While I can remove this check, I don't see why anyone would use links for
that instead of adding a device flag to cause the core to wait for the
parent to be probed if the child requires that.
> [snip]
> > +static int device_links_read_lock(void)
> > +{
> > + return srcu_read_lock(&device_links_srcu);
> > +}
> > +
> > +static void device_links_read_unlock(int idx)
> > +{
> > + return srcu_read_unlock(&device_links_srcu, idx);
> > +}
>
> How about declaring the above two functions inline?
Well, does it really matter?
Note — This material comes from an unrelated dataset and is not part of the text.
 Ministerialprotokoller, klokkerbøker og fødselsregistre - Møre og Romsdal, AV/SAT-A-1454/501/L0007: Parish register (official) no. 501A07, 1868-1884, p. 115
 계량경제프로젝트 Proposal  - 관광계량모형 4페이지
The complier should be able to make them inline
anyway if it sees the point.
> [snip]
> > +/**
> > + * device_links_check_suppliers - Check supplier devices for this one.
>
> The short description is mostly a repetition of the function name
> and thus not very informative.
>
> Imagine someone coming here from driver_probe_device(), where this
> function is invoked. They should immediately get an idea what
> the function does.
>
> How about: "Check presence of supplier drivers"
Sounds good.
> > + * @dev: Consumer device.
> > + *
> > + * Check links from this device to any suppliers. Walk the list of the device's
> > + * consumer links and see if all of the suppliers are available. If not, simply
> ^^^^^^^^
> "supplier links and see if all if them are available."
>
> [snip]
> > +/**
> > + * device_links_no_driver - Update links of a device without a driver.
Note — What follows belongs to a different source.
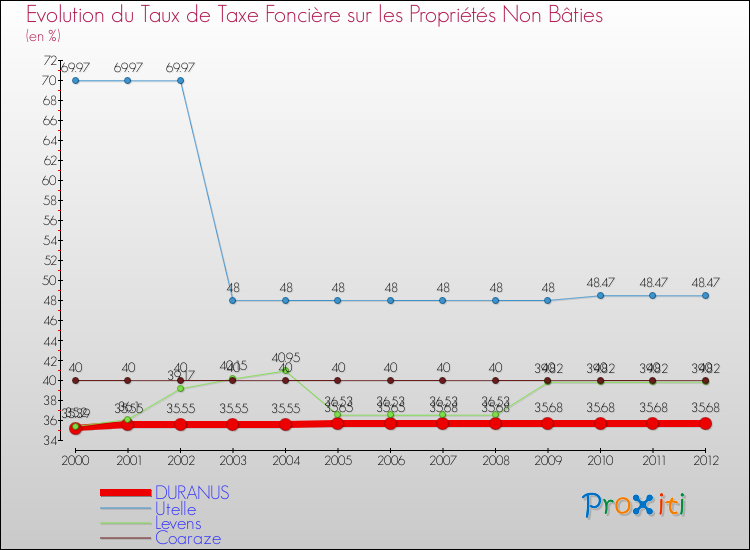 Evolution du taux de la taxe foncière sur les immeubles et terrains non batis pour DURANUS et les communes proches de 2000 à 2012 Comparaison des taux de la taxe foncière sur les immeubles et terrains non batis pour DURANUS et les communes voisines de 2000 à 2012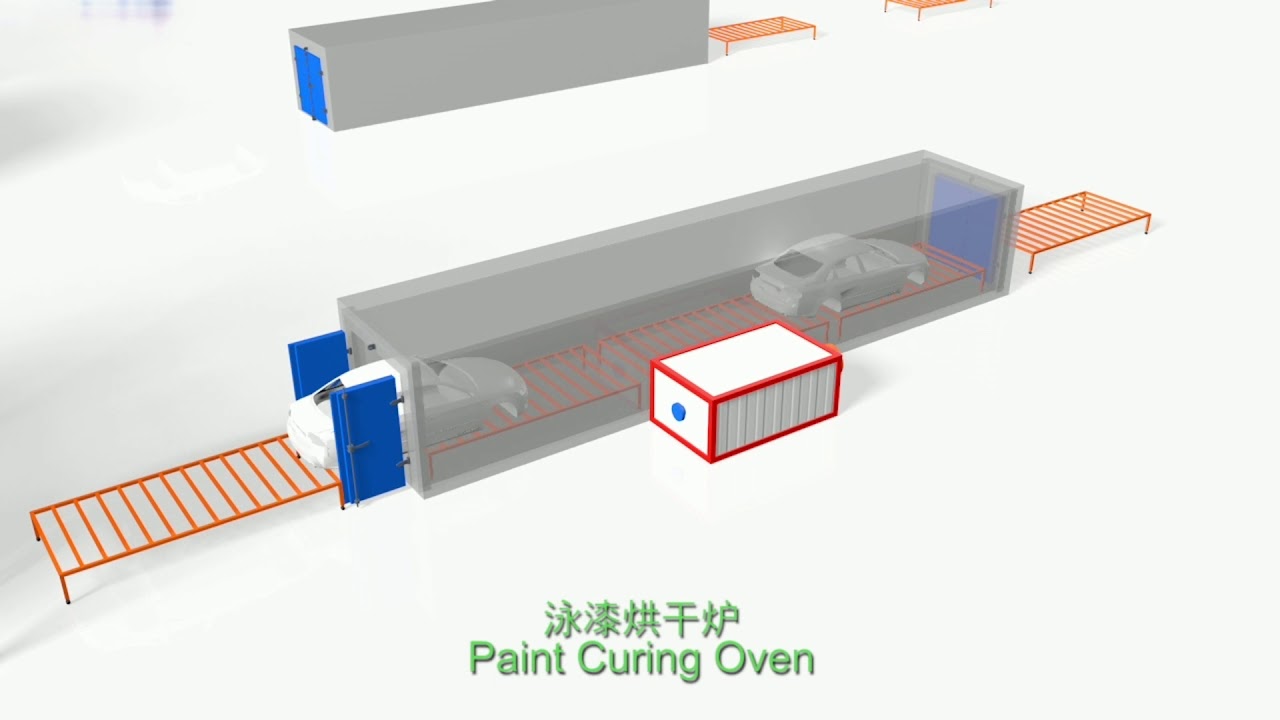 Cationic Epoxy E Coat Paint Anti Corrosion For Car Body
> > + * @dev: Device without a drvier.
> > + *
> > + * Delete all non-persistent links from this device to any suppliers.
> > + *
> > + * Persistent links stay around, but their status is changed to "available",
> > + * unless they already are in the "supplier unbind in progress" state in which
> > + * case they need not be updated.
>
> Kerneldoc refers to persistent links, a term which no longer exists in v3.
It does exist.
The flag is not present any more, but the links may still be persistent
(and the changelog talks about "persistent" and "non-persistent" links too).
> [snip]
> > +void device_links_no_driver(struct device *dev)
> > +{
> > + struct device_link *link, *ln;
> > +
> > + mutex_lock(&device_links_lock);
> > +
> > + list_for_each_entry_safe_reverse(link, ln, &dev->links_to_suppliers, c_node) {
> > + if (link->flags & DEVICE_LINK_STATELESS)
> > + continue;
> > +
> > + if (link->flags & DEVICE_LINK_AUTOREMOVE) {
> > + __device_link_del(link);
>
> The link will be autoremoved not only when the consumer unbinds,
> but also when probing the consumer fails.
>
> Looks like a bug.
It really was intentional, because the use case I see for AUTOREMOVE (and
the only one to be honest) is when the link is created by the consumer
probe in which case it wants to avoid worrying about the cleanup part.
Which also is applicable to the cleanup when the probe fails IMO.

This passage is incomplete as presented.